La sfida di Gaia. Il nuovo regime climatico (ed. Italiana, Meltemi editore, 2020; ed. Originale 2015) di Bruno Latour è uno scritto complesso. Bruno Latour è stato un filosofo, sociologo e antropologo francese, morto il 9 ottobre 2022.

La complessità è la sostanza dell’esistenza contro tante semplificazioni contemporanee. Del resto Gaia è un concetto complesso, non facile da cogliere per menti ancora troppo abituate e sintonizzate con un modello di scienza positivistico e perciò riduzionistico, separato dai saperi umanistici.

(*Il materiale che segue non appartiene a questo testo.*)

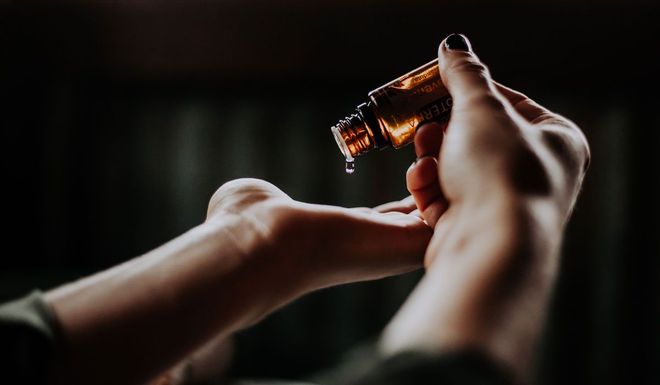 Handen gieten olie uit een bruine fles in de handpalm. Donkere omgeving.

L’introduzione al lavoro è del climatologo Luca Mercalli, che ne riconosce le difficoltà ma comprende perfettamente quale sia la sua finalità: far capire che il cambiamento climatico in cui siamo immersi rappresenta la “crisi”, la messa in discussione in modo radicale di un modello di vita (o stile di vita) che vorrebbe apparire “senza alternative”. La fine della storia. Forse si tratta della lotta fra le “Cassandre” e il “pifferaio magico”. In realtà, come Luca Mercalli afferma al termine della sua introduzione: «Homo sapiens: esperimento fallito. La geostoria riprende i comandi. Riprenderà con gli scarafaggi: c’è ancora qualche miliardo d’anni a disposizione».

Ma cos’è Gaia? Gaia è un termine introdotto nel 1979 dallo scienziato inglese James Lovelock per designare un superorganismo, diciamo la Terra, in cui organismi viventi e materia inorganica interagiscono fra di loro. Lovelock è stato anche deriso, o comunque molto criticato per la sua ipotesi. Tuttavia essa coglie qualcosa di fondamentale. Qualcosa che Bruno Latour fa propria e descrive in quest’opera che riassume i contenuti di sei conferenze tenute nel 2012.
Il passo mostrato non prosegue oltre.